• Instructions for the task: The output is the lines below from the one with "A bartender preparing" through the one with "Joyful asian young-adult", both included, printed exactly and with no other line.
(Data shown begins)
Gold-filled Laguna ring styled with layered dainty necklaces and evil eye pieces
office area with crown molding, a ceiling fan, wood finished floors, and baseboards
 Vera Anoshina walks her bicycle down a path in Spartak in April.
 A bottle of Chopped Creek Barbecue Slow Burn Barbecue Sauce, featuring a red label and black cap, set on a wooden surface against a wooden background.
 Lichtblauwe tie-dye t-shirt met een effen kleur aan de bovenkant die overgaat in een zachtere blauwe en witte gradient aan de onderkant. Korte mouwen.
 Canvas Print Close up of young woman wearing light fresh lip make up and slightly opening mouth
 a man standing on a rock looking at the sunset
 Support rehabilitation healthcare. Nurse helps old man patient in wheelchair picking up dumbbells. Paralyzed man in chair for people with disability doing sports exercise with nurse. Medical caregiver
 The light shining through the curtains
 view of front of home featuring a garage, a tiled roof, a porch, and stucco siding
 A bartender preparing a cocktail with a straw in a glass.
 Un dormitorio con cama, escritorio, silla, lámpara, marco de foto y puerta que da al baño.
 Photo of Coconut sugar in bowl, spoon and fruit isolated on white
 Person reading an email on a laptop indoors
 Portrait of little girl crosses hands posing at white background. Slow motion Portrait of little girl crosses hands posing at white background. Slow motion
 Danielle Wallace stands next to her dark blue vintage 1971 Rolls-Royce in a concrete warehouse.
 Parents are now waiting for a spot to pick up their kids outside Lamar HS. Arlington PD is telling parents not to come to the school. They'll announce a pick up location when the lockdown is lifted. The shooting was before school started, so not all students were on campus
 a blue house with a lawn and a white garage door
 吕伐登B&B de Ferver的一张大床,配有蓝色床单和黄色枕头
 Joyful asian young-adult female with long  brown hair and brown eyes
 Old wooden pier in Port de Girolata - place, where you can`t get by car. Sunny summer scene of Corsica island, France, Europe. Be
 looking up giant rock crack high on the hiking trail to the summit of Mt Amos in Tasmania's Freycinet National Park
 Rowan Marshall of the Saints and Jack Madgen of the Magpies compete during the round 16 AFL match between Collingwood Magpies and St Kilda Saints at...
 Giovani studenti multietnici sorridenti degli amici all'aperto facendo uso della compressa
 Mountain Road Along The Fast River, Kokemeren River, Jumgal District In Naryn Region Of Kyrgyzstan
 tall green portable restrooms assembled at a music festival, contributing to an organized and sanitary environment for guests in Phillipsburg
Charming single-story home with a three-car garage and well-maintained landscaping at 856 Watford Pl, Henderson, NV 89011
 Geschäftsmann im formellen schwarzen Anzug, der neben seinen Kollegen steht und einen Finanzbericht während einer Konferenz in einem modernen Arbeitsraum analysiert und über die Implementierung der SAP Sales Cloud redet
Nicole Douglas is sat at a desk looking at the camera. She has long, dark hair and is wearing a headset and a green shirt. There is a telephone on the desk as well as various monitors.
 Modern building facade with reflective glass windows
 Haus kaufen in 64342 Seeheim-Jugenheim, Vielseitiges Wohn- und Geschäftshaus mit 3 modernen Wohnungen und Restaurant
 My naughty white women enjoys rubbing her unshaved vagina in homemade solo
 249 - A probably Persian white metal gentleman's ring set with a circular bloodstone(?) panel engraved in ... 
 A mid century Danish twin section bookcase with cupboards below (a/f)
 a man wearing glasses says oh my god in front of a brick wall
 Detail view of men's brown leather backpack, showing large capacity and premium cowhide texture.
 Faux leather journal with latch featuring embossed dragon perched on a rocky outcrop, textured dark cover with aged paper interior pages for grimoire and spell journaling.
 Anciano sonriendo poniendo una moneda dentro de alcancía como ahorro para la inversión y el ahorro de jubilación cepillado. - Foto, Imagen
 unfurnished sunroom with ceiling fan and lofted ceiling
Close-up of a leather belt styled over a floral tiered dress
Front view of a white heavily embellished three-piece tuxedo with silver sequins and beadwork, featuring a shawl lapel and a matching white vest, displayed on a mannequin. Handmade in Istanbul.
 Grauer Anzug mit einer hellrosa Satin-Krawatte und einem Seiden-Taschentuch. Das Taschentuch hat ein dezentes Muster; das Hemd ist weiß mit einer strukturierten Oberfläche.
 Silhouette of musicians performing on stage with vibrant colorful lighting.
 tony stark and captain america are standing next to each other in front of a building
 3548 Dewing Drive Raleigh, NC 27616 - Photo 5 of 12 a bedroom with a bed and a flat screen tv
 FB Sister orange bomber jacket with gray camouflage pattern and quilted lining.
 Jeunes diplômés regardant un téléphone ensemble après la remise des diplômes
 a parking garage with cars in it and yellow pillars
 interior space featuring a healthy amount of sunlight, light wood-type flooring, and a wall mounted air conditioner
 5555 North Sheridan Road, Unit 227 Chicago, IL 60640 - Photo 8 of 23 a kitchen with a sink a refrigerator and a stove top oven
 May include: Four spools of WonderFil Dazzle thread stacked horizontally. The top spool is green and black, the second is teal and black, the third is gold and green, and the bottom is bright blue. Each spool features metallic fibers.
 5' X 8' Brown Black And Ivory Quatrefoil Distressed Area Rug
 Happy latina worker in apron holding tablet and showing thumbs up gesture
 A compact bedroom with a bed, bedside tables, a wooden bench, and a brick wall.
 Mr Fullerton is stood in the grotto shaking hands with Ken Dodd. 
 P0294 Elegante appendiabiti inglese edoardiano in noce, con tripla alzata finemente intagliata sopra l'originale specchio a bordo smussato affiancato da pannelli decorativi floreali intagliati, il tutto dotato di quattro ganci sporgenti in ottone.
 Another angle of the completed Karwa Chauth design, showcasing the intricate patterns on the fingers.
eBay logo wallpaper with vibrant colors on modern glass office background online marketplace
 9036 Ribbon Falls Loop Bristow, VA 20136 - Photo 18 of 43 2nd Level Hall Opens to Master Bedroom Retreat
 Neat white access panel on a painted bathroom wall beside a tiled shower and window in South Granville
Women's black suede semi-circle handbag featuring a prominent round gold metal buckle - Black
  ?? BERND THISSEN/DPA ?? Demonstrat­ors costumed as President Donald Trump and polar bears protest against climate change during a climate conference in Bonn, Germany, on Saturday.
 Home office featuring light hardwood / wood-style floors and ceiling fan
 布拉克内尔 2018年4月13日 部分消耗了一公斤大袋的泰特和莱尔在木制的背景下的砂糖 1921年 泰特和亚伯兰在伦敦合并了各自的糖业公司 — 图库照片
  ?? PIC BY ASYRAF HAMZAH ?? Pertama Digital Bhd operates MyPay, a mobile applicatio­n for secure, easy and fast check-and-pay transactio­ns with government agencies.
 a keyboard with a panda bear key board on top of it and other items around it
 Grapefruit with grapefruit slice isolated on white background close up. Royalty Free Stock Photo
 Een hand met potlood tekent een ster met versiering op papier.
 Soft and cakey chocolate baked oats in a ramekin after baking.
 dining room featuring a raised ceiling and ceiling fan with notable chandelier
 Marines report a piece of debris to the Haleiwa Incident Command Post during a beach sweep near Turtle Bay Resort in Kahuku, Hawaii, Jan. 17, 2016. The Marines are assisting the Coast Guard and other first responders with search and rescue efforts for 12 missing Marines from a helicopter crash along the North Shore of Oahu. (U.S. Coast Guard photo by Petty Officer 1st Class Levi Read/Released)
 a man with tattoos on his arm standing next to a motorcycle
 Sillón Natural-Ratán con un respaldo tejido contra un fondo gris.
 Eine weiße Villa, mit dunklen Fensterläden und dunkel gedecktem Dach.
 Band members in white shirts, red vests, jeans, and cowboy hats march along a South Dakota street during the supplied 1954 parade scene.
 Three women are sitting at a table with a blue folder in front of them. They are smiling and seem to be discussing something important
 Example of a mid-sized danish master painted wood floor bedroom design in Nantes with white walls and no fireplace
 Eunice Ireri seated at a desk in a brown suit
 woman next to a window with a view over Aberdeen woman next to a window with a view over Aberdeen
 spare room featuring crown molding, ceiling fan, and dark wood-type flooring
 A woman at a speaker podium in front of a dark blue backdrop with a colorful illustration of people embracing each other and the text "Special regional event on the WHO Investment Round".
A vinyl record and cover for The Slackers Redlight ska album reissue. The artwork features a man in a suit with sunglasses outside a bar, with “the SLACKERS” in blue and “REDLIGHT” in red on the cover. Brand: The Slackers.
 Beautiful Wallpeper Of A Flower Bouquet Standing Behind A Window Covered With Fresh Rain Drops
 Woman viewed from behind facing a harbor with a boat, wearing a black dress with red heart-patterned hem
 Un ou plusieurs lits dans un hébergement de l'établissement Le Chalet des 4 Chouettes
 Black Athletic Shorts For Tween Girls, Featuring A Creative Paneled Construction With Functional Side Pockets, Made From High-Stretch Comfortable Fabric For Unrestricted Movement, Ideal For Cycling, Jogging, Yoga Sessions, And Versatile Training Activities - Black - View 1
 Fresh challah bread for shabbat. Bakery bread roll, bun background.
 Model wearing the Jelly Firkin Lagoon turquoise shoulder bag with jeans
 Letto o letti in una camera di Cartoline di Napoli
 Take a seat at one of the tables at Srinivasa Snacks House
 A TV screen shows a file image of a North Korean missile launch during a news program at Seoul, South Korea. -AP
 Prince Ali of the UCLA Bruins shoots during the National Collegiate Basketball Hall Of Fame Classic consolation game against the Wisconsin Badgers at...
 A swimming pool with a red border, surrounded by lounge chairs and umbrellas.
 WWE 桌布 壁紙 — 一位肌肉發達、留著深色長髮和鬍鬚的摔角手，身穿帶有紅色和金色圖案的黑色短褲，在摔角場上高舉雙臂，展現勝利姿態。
(Data shown ends)
• Output for this task:
 A bartender preparing a cocktail with a straw in a glass.
 Un dormitorio con cama, escritorio, silla, lámpara, marco de foto y puerta que da al baño.
 Photo of Coconut sugar in bowl, spoon and fruit isolated on white
 Person reading an email on a laptop indoors
 Portrait of little girl crosses hands posing at white background. Slow motion Portrait of little girl crosses hands posing at white background. Slow motion
 Danielle Wallace stands next to her dark blue vintage 1971 Rolls-Royce in a concrete warehouse.
 Parents are now waiting for a spot to pick up their kids outside Lamar HS. Arlington PD is telling parents not to come to the school. They'll announce a pick up location when the lockdown is lifted. The shooting was before school started, so not all students were on campus
 a blue house with a lawn and a white garage door
 吕伐登B&B de Ferver的一张大床,配有蓝色床单和黄色枕头
 Joyful asian young-adult female with long  brown hair and brown eyes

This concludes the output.